- **Action item**
Give back the entire listing verbatim.
[[ Records provided, beginning ]]
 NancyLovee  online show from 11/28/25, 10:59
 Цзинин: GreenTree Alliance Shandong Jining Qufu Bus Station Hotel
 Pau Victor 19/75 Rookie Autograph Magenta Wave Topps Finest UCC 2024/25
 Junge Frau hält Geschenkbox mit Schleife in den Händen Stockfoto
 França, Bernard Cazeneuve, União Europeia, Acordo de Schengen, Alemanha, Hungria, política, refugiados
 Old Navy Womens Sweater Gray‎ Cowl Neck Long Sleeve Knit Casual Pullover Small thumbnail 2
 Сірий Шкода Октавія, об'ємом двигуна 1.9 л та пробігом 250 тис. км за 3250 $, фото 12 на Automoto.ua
[[ Records provided, end ]]
- **Answer for this exercise**
 NancyLovee  online show from 11/28/25, 10:59
 Цзинин: GreenTree Alliance Shandong Jining Qufu Bus Station Hotel
 Pau Victor 19/75 Rookie Autograph Magenta Wave Topps Finest UCC 2024/25
 Junge Frau hält Geschenkbox mit Schleife in den Händen Stockfoto
 França, Bernard Cazeneuve, União Europeia, Acordo de Schengen, Alemanha, Hungria, política, refugiados
 Old Navy Womens Sweater Gray‎ Cowl Neck Long Sleeve Knit Casual Pullover Small thumbnail 2
 Сірий Шкода Октавія, об'ємом двигуна 1.9 л та пробігом 250 тис. км за 3250 $, фото 12 на Automoto.ua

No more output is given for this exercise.